(Items from a data source)

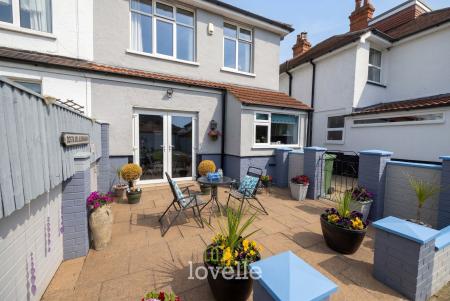 3 bedroom Semi-detached house for sale in Queens Parade, Cleethorpes, DN35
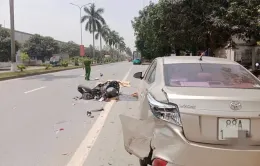 Xe máy đâm vào ô tô dừng đỗ bên đường, 1 người tử vong
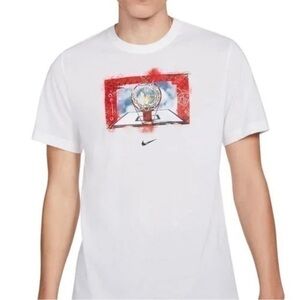 Nike Mens Dri-Fit Basketball Hoops Graphic Short Sleeve T-Shirt White Medium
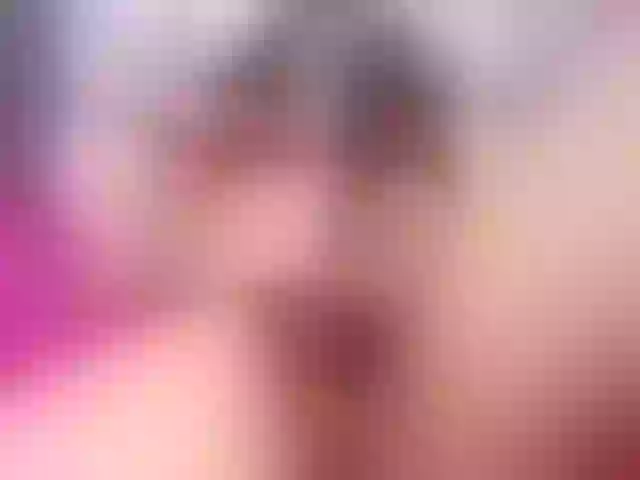 Live sex webcam photo for CamilaWood #272757756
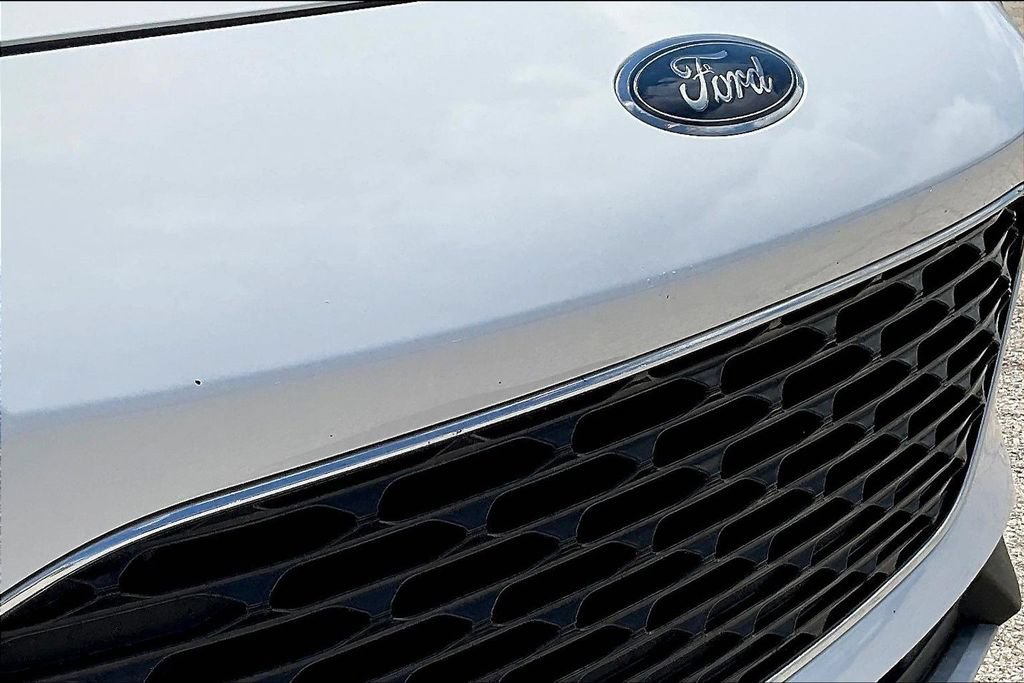 Used 2021 Ford Escape SE FWD image 25
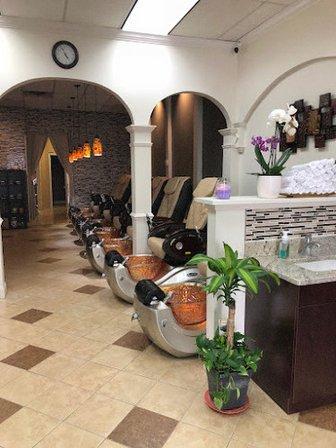 Q Nail & Spa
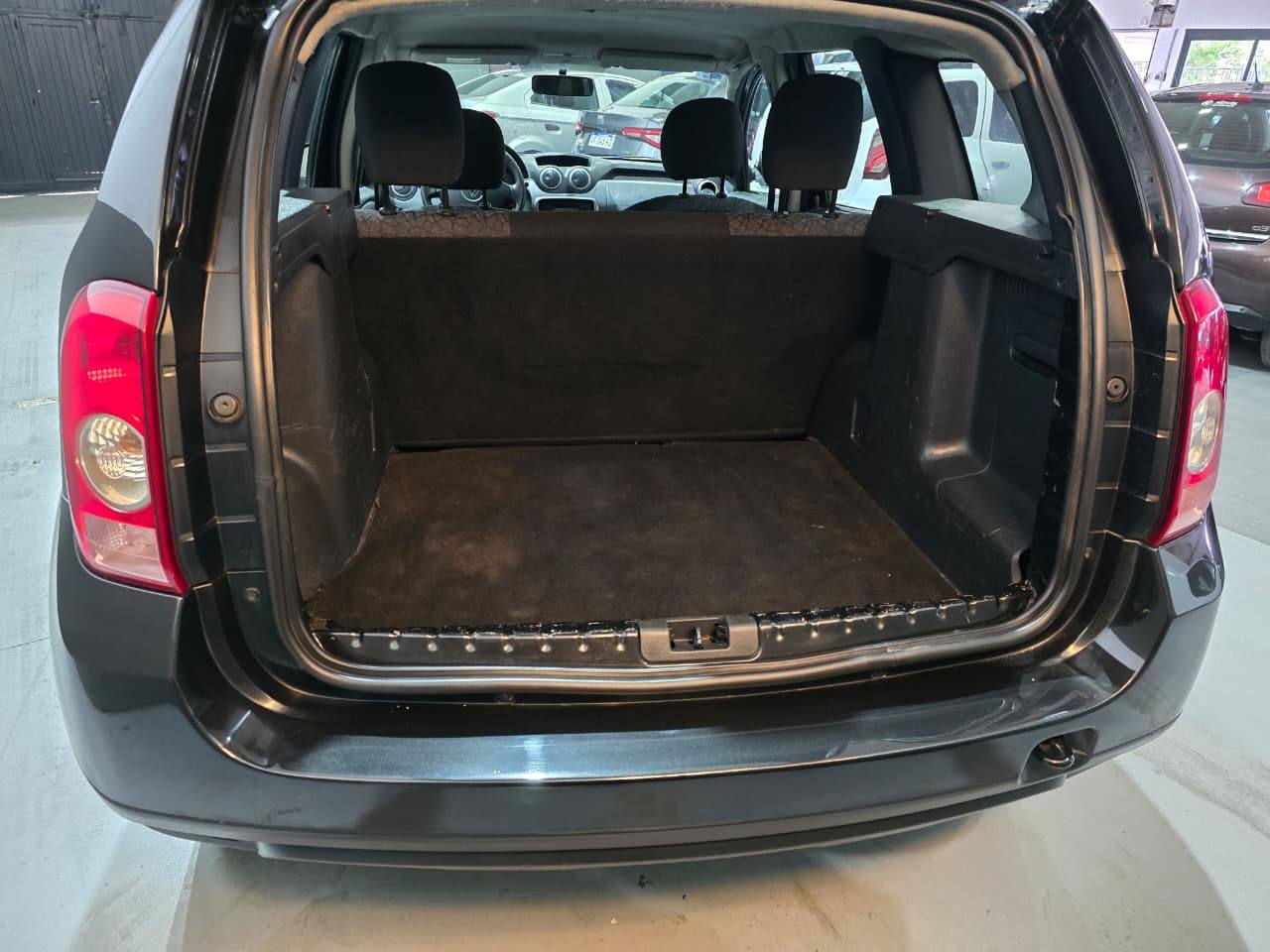 Renault Duster 2014 Confort Plus 1.6 Manual con gnc 5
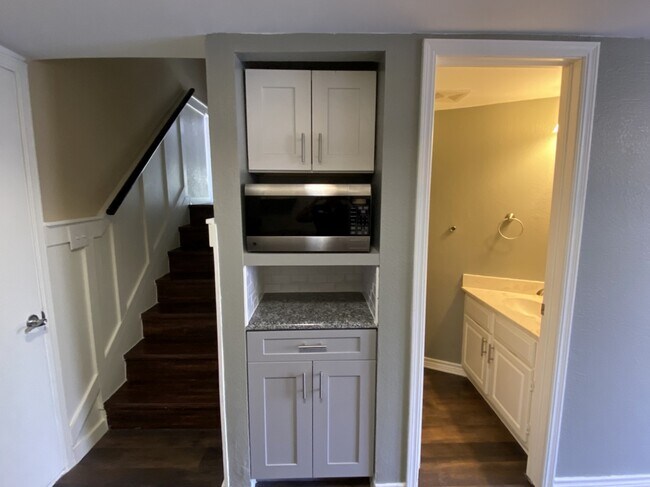 Building Photo - 9107 E 69th Pl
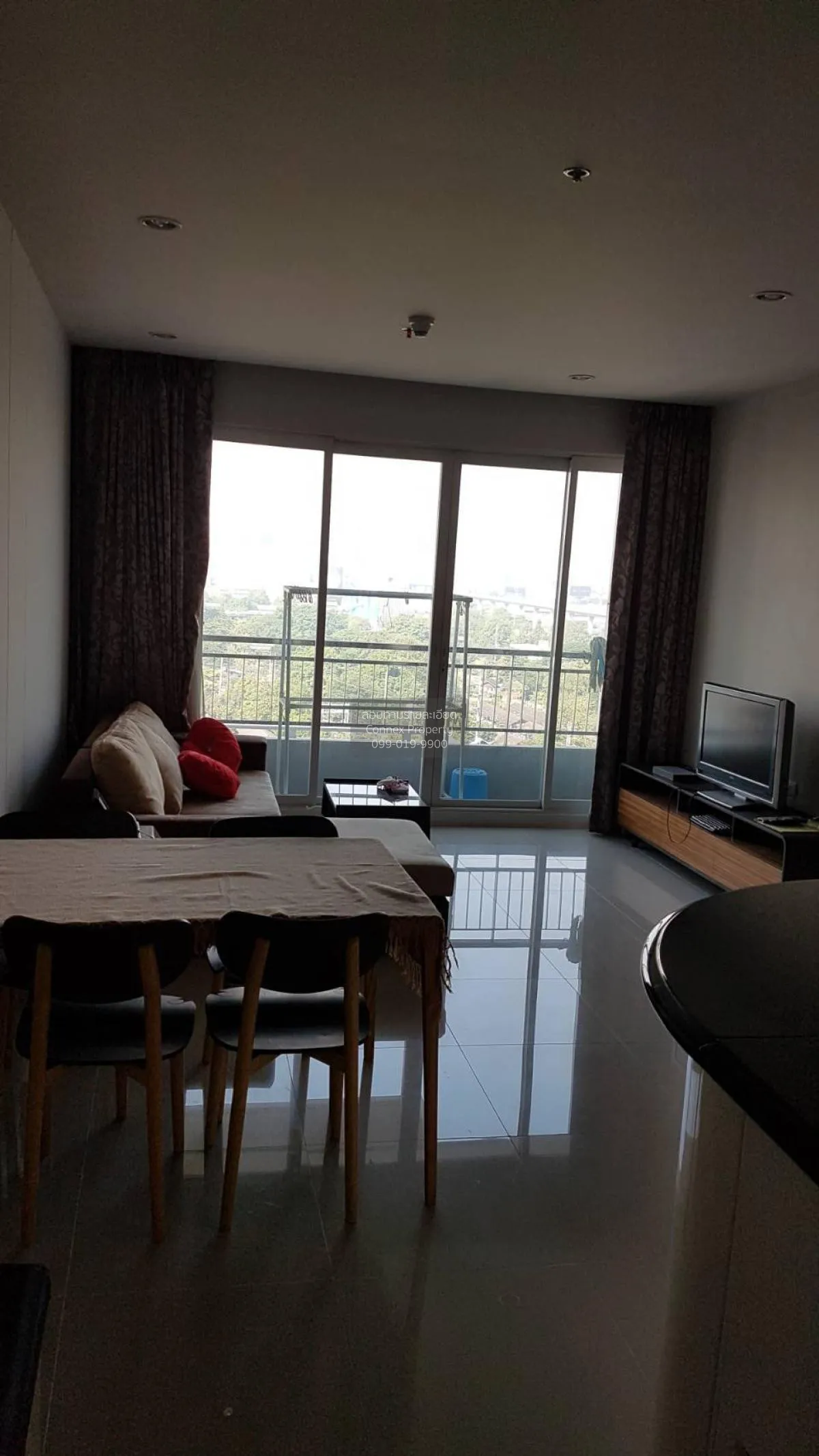 2 Bedroom condo in Circle Condominium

● **Problem to work on**
Could you reproduce the records above exactly, leaving out every picture?

● **Result**
 3 bedroom Semi-detached house for sale in Queens Parade, Cleethorpes, DN35
 Xe máy đâm vào ô tô dừng đỗ bên đường, 1 người tử vong
 Nike Mens Dri-Fit Basketball Hoops Graphic Short Sleeve T-Shirt White Medium
 Live sex webcam photo for CamilaWood #272757756
 Used 2021 Ford Escape SE FWD image 25
 Q Nail & Spa
 Renault Duster 2014 Confort Plus 1.6 Manual con gnc 5
 Building Photo - 9107 E 69th Pl
 2 Bedroom condo in Circle Condominium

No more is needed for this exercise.